Useful features for sentiment analyzers include

  • Trigrams
  • Frist-person pronouns

Noise

  • Artifact inreceived signal that obfuscates the features.
  • In tweets, it can be text that affects feature values (e.g. semi-colon that is used as emoji).

Pre-processing

Preparing data to make feature extraction easier or more valid.

There is no perfect preprocessor. There are many edge cases to deal with, Being Consistent is important. Noise-reduction removes some information.

Parts-of-Speech (PoS)

词性

  • Noun
  • Verb
  • Adjective
  • Adverb
  • Preposition: over, under
  • Pronoun: I, We, They
  • Determiner: the, both, either
  • Conjunction: and, or

Contentful parts-of-speech

Some PoS convey more meaning, usually nouns, verbs, adj, ajv.

Contentful PoS usually contain more words, e.g. there are more nouns than prepositions

New contentful words are continually added

Archaic (古老的) contentful words go extinct.

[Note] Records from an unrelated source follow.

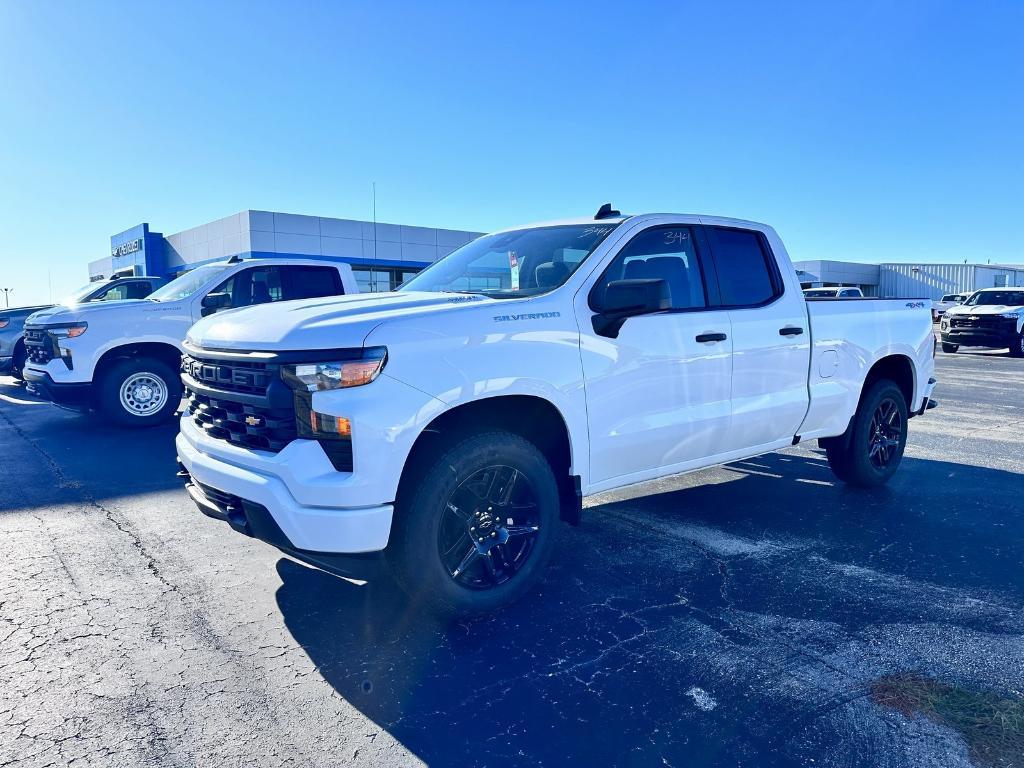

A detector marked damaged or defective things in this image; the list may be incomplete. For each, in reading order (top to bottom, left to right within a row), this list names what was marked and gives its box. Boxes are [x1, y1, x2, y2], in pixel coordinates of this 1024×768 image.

cracked asphalt [0, 350, 1020, 768]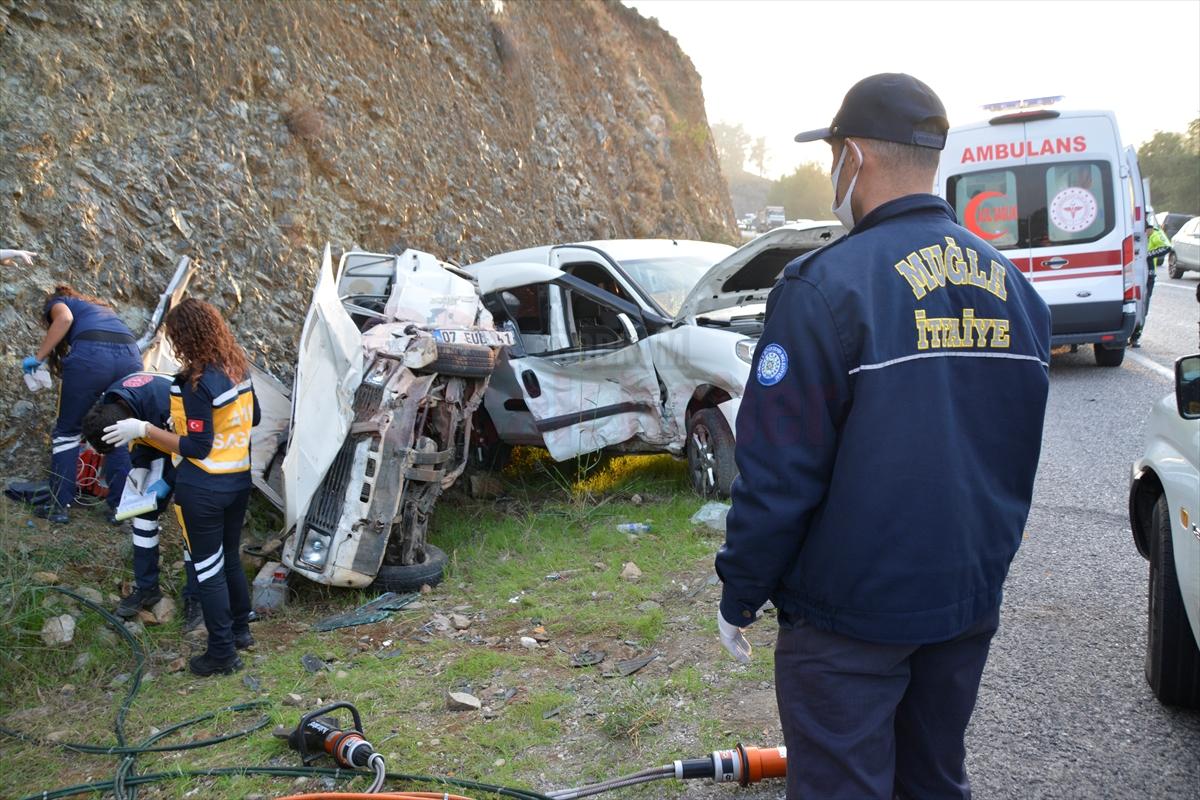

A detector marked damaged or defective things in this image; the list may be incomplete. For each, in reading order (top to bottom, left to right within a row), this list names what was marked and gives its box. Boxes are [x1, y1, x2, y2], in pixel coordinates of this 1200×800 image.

overturned white car [260, 247, 508, 592]
shattered windshield [624, 256, 724, 319]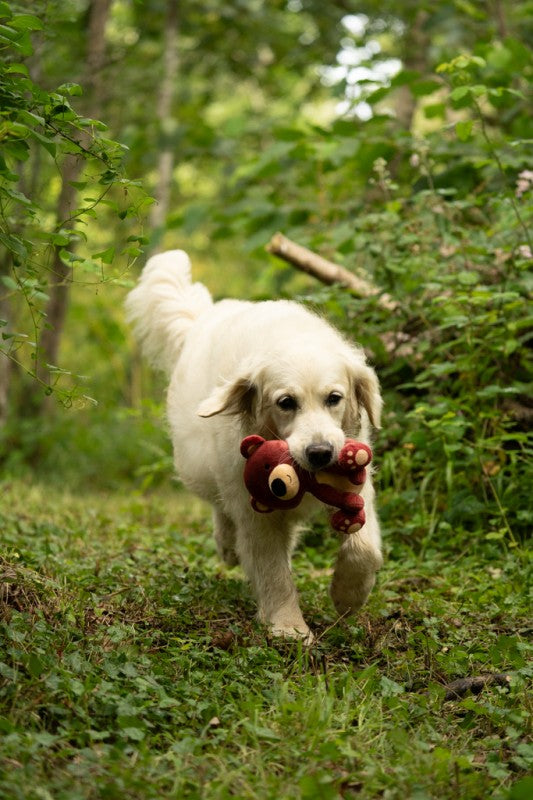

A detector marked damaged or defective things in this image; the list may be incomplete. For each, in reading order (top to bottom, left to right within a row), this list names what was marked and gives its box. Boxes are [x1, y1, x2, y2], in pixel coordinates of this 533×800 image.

broken stick [266, 231, 400, 312]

Functional parts-of-speech

Some PoS are "glue" that holds others together, e.g. prepositions, determiners, conjunctions

Funcitonal PoS usually cover a small and fixed number of word types

Their semantics depend on the contentful words with which they're used.

Grammatical features

  • case
  • Person
  • Number
  • Gender

These features can restrict other words in a sentence.

Tagging

PoS Tagging

The process of assigning a part-of-speech to each word in a sequence.

i.e. Given a sentence, which are nouns, which are verbs, etc.

Classification

Types of Classifiers

  • Generative classifiers model the world.
    • Parameters set to maximize likelihood of training data
    • We can generate new observations from these (e.g. HMM)
  • Discriminative classifiers emphasize class boundaries
    • Parameters set to minimize error on training data (e.g. SVM, Decision trees)

Kernel Trick

Sometimes it's not possible to draw a line to separrate and classify multiple classes.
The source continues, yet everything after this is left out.